As a recent statement issued by the American Statistical Association stated:
VAMs typically measure correlation, not causation: Effects – positive or negative – attributed to a teacher may actually be caused by other factors that are not captured in the model.
These problems are only magnified when VAM is used to evaluate music teachers.
Imagine for a moment, a physician being evaluated based upon their patients’ illnesses or injuries, not on the treatment delivered. Or consider the logic behind evaluating a steakhouse based on the fish you had at the seafood restaurant across the street last night.
This is what is currently happening with VAM being used for evaluation of music teachers.
Numerous music education policy groups have begun to focus their attention on how these practices are impacting school music programs, teachers and students.
These groups have produced policy briefs and position statements suggesting caution as state departments of education consider increasing the portion of teachers’ evaluations that are based on VAM.
They have also suggested new music-specific evaluation tools that provide teachers with high-quality assessment activities that keep the focus on music teaching and learning – not on math and reading test scores.
For instance, the Michigan Arts Education Instruction and Assessment (MAEIA) initiative has developed a database of assessment tools, which are available free of charge to all arts educators.
We measure what we treasure…or do we?
But without more thoughtful evaluation systems, even the best data will not result in authentic assessment practices. An example of this comes from the predominant employee evaluation tool in the business world for years, known as “stack ranking.”

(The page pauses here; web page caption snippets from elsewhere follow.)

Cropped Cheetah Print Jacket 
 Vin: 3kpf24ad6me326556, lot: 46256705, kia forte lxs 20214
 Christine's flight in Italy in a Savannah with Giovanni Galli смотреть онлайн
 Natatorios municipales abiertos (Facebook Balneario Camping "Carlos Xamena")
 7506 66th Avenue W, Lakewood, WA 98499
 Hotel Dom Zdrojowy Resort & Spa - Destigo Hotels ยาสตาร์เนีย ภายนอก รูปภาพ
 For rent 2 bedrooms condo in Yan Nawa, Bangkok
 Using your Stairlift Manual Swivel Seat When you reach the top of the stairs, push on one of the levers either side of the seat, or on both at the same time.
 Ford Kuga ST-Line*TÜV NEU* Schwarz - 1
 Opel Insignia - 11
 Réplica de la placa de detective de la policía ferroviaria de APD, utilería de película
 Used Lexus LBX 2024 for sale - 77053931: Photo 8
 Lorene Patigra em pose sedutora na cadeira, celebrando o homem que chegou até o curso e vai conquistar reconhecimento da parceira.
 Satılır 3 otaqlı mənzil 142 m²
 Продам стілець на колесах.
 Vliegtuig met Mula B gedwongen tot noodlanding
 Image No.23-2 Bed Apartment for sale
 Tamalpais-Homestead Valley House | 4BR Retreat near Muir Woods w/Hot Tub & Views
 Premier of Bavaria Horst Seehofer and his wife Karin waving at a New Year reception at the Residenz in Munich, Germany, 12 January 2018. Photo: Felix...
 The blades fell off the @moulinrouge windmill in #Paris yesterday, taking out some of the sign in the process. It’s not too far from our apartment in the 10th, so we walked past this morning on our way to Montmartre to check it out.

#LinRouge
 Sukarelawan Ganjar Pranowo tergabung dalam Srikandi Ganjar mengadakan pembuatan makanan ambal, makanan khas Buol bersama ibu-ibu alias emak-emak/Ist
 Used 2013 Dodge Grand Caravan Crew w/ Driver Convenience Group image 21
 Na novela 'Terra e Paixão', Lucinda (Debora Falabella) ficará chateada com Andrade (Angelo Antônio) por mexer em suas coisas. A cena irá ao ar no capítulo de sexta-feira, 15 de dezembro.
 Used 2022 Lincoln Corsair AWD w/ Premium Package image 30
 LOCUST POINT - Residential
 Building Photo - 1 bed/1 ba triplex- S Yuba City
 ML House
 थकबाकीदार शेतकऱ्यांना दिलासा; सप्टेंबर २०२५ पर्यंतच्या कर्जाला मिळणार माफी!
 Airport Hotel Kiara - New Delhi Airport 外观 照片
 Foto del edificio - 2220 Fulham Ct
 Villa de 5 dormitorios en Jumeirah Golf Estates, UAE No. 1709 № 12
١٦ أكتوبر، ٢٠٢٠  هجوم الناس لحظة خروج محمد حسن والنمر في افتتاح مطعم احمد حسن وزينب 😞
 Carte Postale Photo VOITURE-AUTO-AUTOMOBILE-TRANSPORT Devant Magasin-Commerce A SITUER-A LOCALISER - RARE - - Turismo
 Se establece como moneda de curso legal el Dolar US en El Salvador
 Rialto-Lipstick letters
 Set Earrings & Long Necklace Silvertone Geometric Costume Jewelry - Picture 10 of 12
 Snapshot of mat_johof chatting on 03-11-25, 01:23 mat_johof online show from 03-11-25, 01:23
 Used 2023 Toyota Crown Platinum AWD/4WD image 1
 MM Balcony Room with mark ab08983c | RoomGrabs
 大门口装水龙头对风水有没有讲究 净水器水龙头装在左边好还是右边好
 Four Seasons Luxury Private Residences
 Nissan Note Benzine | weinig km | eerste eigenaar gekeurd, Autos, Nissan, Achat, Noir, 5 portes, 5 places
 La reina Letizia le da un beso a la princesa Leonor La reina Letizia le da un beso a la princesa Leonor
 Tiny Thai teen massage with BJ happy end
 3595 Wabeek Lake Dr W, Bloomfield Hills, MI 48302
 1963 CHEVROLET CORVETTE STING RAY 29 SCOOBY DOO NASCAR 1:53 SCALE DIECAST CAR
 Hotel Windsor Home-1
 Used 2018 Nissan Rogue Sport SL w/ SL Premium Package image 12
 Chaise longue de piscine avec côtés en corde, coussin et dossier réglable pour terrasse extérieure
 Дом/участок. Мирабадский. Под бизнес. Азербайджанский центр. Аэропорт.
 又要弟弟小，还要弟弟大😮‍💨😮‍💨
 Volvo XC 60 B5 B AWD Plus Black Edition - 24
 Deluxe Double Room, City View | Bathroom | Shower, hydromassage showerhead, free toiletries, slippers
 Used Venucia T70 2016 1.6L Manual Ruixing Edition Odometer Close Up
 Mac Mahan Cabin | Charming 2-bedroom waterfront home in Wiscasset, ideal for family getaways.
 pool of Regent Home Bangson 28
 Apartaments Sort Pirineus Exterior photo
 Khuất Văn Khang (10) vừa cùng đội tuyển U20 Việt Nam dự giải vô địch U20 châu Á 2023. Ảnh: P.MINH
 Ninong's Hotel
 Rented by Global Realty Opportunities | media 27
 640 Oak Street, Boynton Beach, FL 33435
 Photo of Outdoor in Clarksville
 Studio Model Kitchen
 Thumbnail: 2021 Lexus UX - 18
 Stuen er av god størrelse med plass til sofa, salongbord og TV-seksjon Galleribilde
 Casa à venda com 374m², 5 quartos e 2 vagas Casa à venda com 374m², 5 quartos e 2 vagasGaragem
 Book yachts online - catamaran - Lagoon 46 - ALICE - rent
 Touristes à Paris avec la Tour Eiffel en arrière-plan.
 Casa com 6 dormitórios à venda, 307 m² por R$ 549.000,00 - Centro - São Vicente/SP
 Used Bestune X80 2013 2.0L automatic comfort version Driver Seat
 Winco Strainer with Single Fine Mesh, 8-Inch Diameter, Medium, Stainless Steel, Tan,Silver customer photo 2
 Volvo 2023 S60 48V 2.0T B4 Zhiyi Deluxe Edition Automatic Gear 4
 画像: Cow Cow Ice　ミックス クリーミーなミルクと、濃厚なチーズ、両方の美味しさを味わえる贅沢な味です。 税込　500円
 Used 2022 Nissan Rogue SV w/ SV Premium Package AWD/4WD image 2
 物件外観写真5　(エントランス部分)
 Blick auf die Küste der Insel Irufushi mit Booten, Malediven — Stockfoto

At Microsoft, employees were rated “on a score of one to five, with one being the best. Managers were then given a curve to base their rankings on, and forced to give a certain percentage of employees a poor ‘five’ label – even if the managers did not consider the employee to be unsatisfactory at their jobs.”
Often referred to as “rank and yank,” stack ranking did not result in noticeable improvements to employee productivity, and instead contributed to a culture of fear and mistrust at many of the companies in which it was used.
Even as similar systems are gaining traction in public schools in the US, Microsoft, Expedia and Adobe Systems have now abandoned the practice of stack ranking.
We often hear the old adage, “We measure what we treasure,” when discussions turn to issues of educational accountability. This saying is often used to provide justification for narrowing the curriculum to math and reading in the elementary grades, and to STEM subjects in the upper grades.
According to Andy Hargreaves and Henry Braun, policy scholars from Boston College, “Data driven improvement and accountability (DDIA) in the US has focused on what is easily measured rather than on what is educationally valued.”
For most of us, it is precisely those things that we value the most – our families, our students and colleagues, the beauty of a well-turned phrase – that are the most stubbornly resistant to statistical measurement.
It is our duty as policymakers to be sure that the kinds of data we are using to evaluate all teachers are not only valid and reliable, but are meaningful and used appropriately.
Music education can be a vital, critical component of each student’s educational journey if we can work together to develop policies that support and encourage comprehensive musical experiences for all of our nation’s children.